Лео Мале - Улица Вокзальная, 120
Я выдвинул ящик стола и достал из него миниатюрный парабеллум.
– Мне понадобится разрешение на ношение этого оружия. Здесь ему одиноко, а в моем кармане он будет чувствовать себя в полной безопасности.
– Хорошо.
– Я хотел бы получить также разрешение выходить из дому в ночное время. Не исключено, что оно мне понадобится.
– Это все?
– Да. Можете быть свободны.
– Я как раз собирался просить вас об этом,-сказал он, наливая себе вина.– Уже поздно.
Он залпом осушил стакан и вытер усы. Помедлил, прежде чем подняться…
– Хочу спросить у вас, Бюрма… Комиссар Бернье, о котором вы мне говорили, это случайно не комиссар Арман Бернье?
Очень может быть. Как-то не интересовался его именем. Впрочем, Арман ему вполне подходит.
Фару обрушил на меня подробный перечень примет, делавший честь его профессиональной наблюдательности.
– Все совпадает,– подтвердил я.– Кроме того, он краснолиц, элегантен (когда снимет плащ) и хамоват.

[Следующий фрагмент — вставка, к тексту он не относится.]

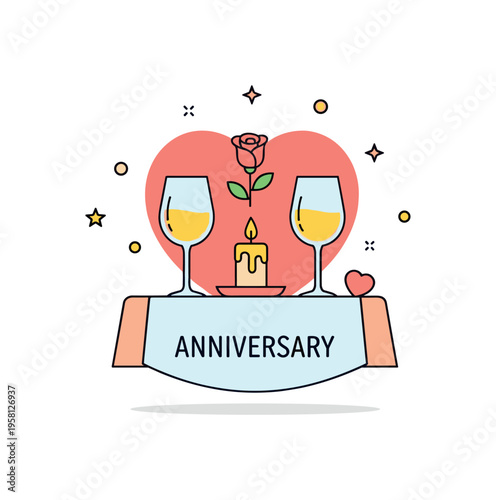 Anniversary dinner table illustrated with two glasses, a candle, and a rose placed at the center. Tender romantic scene reflecting celebration, love, and
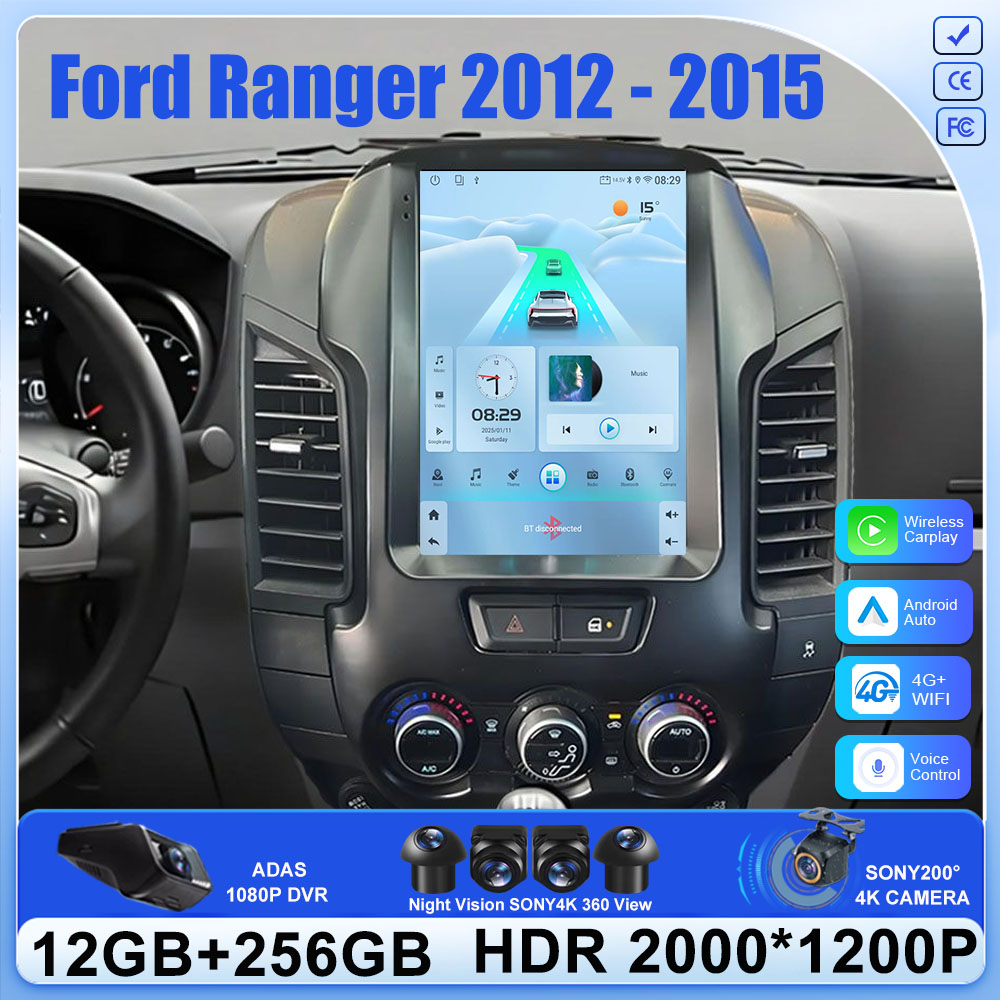 9.7 アンドロイド 16 フォードレンジャー 2012 2013 2014 2015 カーラジオマルチメディアビデオプレーヤー Carplay オートステレオ WIFI QLED スクリーンダッシュ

Фару рассмеялся.
– Точно, Арман Бернье. Я познакомился с ним в один из его приездов в Париж… -И еще добрых четверть часа он рассказывал мне о комиссаре в надежде вытянуть какую-нибудь дополнительную информацию.
Глава II
Идентификация обеспамятевшего
Настенные часы пробили девять. Я подождал еще минут десять, взял телефон и набрал номер агентства печати Лекту.
На вопрос:
– Мадемуазель Шатлен у себя?– получил ответ:
– Нет, месье. Мадемуазель Шатлен отпросилась. На несколько дней. Грипп.
Я надел пальто, шляпу, вышел в холодное утро и спустился в метро. Поднялся я из него лишь после того, как, по моему предположению, наверху окончательно рассвело.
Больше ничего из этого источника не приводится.